Now the self-play training loop. Both agents learn simultaneously, with the loser receiving a -1 reward when the other wins:

env = TicTacToe()
agent_x = QLearningAgent(marker=1, epsilon=1.0, lr=1.0, gamma=0.95)
agent_o = QLearningAgent(marker=-1, epsilon=1.0, lr=1.0, gamma=0.95)
eps_decay = 2.5e-5

for ep in range(100_000):
    state = env.reset()
    agents = [agent_x, agent_o]
    if random.random() < 0.5:
        agents = [agent_o, agent_x]  # randomise who goes first
    turn = 0
    history = []
    done = False

    while not done:
        agent = agents[turn % 2]
        s = state.copy()
        action = agent.pick_action(s)
        next_state, reward, done, info = env.step(action, agent.marker)
        history.append((agent, s, action, reward, next_state, done))

        if done:
            # winner learns from the final move
            agent.update(s, action, reward, next_state, done)
            # loser learns too: propagate -reward to their last move
            if info == 'win' and len(history) >= 2:
                other = agents[(turn + 1) % 2]
                prev = history[-2]
                other.update(prev[1], prev[2], -reward, next_state, True)
        else:
            agent.update(s, action, reward, next_state, done)

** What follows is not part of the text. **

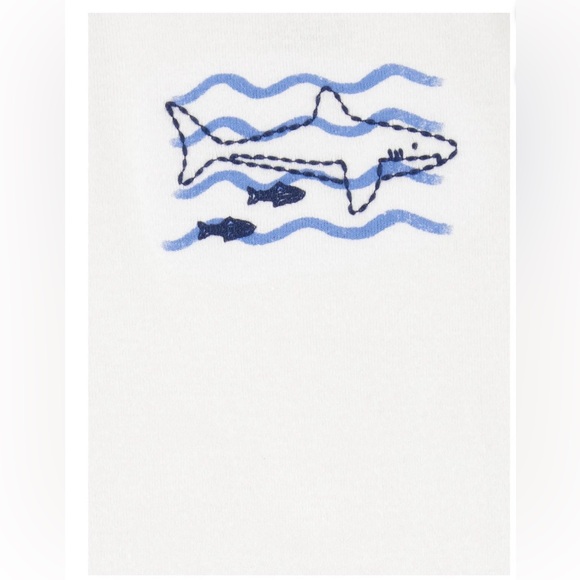 Carter's Child of Mine Blue/White Baby Boy Cardigan 3 Pc Outfit - Picture 3 of 8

        state = next_state
        turn += 1

    # decay epsilon for both agents
    for a in [agent_x, agent_o]:
        if a.epsilon > a.final_epsilon:
            a.epsilon -= eps_decay

After training, both agents win around 85% of games against a random opponent (85% for X, 84% for O):

You just trained two agents to play tic-tac-toe without teaching them a single strategy. Let's understand how.

What Just Happened?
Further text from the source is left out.